De deur van mijn vertrek werd zo hard open geramd dat het slot de kamer in vloog. Houtsplinters raakten mijn hand. Karl en ik zaten rechtop in bed met overslaande harten. Er kwamen beveiligers binnen. Ik wilde wat zeggen.
‘Smoel houden!’ schreeuwde een van de beveiligers die ik nota bene gisteren nog geholpen had aan een schampschot aan zijn been. Toen de vijf beveiligers binnen waren, was mijn privévertrek al aardig vol. Greta kwam binnen en duwde beveiligers die in haar pad stonden achteloos opzij.
‘Wat heb ik jullie nu gezegd over een vreemde taal spreken hier? Alleen Engels’, zei ze met een stem die ik inmiddels wel kende, ik wist bij welke geestestoestand hij hoorde. Karl wilde wat zeggen, Greta raakte hem met haar wijsvinger aan, op zijn voorhoofd. Hij plofte in het matras als een dood stuk vlees.
‘Kun je mij dat ook leren?’ vroeg ik achteloos. Ik voelde helemaal geen angst meer voor haar. Alsof ik wist dat ze mij nooit zou doden. Ze glimlachte alleen maar. 
‘Maar waarom ben je nu zo boos? Omdat ik Nederlands spreek met Karl? Ik zou boos moeten zijn dat je mij waarschijnlijk altijd kan horen en zien. Je ontneemt mij mijn vrijheid en nu ook mijn privacy.’ 
Nu keek ze met een blik aan die ik nog niet van haar kende. Deze blik in haar ogen kende ik niet, maar ik vond hem wel angstaanjagend.

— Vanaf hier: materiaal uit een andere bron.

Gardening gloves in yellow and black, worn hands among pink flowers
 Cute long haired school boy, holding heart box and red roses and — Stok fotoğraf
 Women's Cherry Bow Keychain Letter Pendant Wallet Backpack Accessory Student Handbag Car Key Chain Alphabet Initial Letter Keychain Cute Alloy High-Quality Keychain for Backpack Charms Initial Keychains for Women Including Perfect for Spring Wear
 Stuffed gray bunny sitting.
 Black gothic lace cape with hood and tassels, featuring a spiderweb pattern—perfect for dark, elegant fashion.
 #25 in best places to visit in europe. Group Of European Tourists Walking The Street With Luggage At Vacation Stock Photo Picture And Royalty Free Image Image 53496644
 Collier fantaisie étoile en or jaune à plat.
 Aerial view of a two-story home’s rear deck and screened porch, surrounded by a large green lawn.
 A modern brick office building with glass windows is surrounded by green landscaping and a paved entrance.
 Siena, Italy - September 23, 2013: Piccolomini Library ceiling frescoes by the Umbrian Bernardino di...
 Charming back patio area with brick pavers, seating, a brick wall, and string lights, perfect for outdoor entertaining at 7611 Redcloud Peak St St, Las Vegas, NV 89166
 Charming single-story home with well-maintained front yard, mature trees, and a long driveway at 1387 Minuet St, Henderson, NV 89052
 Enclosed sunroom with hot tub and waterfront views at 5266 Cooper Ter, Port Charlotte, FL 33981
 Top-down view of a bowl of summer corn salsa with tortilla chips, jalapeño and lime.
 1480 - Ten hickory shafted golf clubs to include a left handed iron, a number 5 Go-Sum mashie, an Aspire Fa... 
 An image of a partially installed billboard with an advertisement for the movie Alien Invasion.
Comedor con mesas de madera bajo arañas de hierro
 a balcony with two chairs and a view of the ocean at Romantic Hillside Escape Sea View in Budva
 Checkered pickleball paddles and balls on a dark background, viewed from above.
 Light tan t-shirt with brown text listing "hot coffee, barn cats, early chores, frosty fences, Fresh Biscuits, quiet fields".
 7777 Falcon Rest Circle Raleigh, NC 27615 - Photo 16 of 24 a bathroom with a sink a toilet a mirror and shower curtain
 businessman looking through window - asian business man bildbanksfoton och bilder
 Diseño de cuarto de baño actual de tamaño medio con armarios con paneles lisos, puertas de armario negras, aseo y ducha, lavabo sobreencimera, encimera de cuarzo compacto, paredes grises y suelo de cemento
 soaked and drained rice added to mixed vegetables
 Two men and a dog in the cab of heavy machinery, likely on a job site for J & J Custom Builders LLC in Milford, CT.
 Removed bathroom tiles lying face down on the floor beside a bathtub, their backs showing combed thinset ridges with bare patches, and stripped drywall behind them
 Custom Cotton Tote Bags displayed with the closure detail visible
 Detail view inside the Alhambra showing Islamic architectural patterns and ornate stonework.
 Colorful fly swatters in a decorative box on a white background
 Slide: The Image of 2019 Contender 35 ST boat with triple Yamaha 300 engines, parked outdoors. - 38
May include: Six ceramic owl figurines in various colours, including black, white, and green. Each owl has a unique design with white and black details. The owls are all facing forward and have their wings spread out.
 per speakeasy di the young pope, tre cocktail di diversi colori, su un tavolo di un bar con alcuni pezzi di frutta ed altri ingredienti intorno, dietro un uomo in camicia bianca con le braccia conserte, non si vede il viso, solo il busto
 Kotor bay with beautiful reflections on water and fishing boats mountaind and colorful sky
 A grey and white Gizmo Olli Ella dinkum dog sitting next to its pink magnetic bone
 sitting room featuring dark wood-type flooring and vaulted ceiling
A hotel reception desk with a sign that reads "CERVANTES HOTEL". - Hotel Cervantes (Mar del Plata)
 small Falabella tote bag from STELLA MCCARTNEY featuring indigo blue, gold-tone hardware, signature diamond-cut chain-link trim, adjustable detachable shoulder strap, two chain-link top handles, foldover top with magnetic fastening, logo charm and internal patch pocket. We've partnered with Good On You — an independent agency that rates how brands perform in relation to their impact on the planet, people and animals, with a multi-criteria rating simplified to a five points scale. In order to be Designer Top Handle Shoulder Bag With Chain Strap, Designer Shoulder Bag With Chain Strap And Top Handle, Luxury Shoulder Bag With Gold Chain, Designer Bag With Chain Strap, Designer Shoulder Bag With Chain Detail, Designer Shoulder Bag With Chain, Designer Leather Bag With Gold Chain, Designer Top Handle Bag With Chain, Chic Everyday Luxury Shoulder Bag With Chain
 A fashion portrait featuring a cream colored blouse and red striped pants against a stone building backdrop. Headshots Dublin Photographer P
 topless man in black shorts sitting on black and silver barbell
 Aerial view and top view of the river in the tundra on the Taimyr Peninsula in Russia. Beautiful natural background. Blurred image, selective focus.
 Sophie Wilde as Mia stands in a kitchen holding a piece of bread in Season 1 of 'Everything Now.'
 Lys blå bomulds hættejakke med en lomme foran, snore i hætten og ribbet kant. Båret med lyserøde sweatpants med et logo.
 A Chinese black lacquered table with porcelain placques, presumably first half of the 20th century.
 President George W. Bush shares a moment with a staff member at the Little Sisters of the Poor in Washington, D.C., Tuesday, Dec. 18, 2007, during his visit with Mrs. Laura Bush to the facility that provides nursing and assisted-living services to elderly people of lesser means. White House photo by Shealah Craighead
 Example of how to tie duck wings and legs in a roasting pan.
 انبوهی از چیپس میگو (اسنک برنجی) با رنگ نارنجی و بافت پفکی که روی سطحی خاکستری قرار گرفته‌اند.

‘Neem haar mee en stop haar voorlopig in kamer zesenzestig.’ 
Ik hoorde haar deze zin zeggen, maar begreep de taal niet waarin die uitgesproken werd. Nog geen woord. De beveiligers rukten mij uit bed. Ik was naakt en ze trokken mij mee, maar ik struikelde. Ze trokken mij mee over het vloerkleed, ik voelde hoe het tapijt in mijn knieën en bovenbenen brandde. Een minuut later was alles om mij heen duister. Deze duisternis was intens. Ik begon met mijn handen voorzichtig in mijn directe omgeving te voelen. Pas na tien minuten wist ik ongeveer in welk soort ruimte ik mij bevond. De vloer was zacht. Het voelde aan als opgevuld skaileer, net als de wanden. Ik kon ook het plafond voelen, het was maar een kleine twintig centimeter hoger dan ik was. Ik schatte de ruimte drie bij drie meter. In de hoek van de ruimte voelde ik een soort brede pot. Ik nam aan dat ik hier mijn behoefte in kon doen. Ik begon eerst zacht te roepen, maar hoorde hoe het geluid van mijn stem doodsloeg tegen de bekleding van deze kamer. Ik begon nu te schreeuwen, eerst beheerst, toen onbeheerst, daarna onbeheerste huilbuien. Ik was in mijn graf beland waar ik alleen nog kon ademen en bewust was van mijn lichaam. Al mijn andere zintuigen kregen geen input. Ik dacht aan paniek maar besefte al snel dat dit mij nog verder van een oplossing zou brengen. Ik wachtte rustig op wat er komen ging. Ze konden mij hier toch niet lang laten zitten. Hoe kreeg ik mijn zuurstof, het werd er steeds warmer. Ik had het gevoel dat er uren voorbij gingen, maar dit konden ook minuten zijn. Ik zag geen enkel licht, had geen horloge aan. Dat lag nog naast mijn bed. Zelfs geen sieraden. Een plastic ring die ik ooit van Ralf had gekregen toen hij nog jong was. Ik herinnerde hoe hij vroeg of hij met mij mocht trouwen en de plastic ring om mijn vinger schoof. Nu had ik alleen mijn herinneringen.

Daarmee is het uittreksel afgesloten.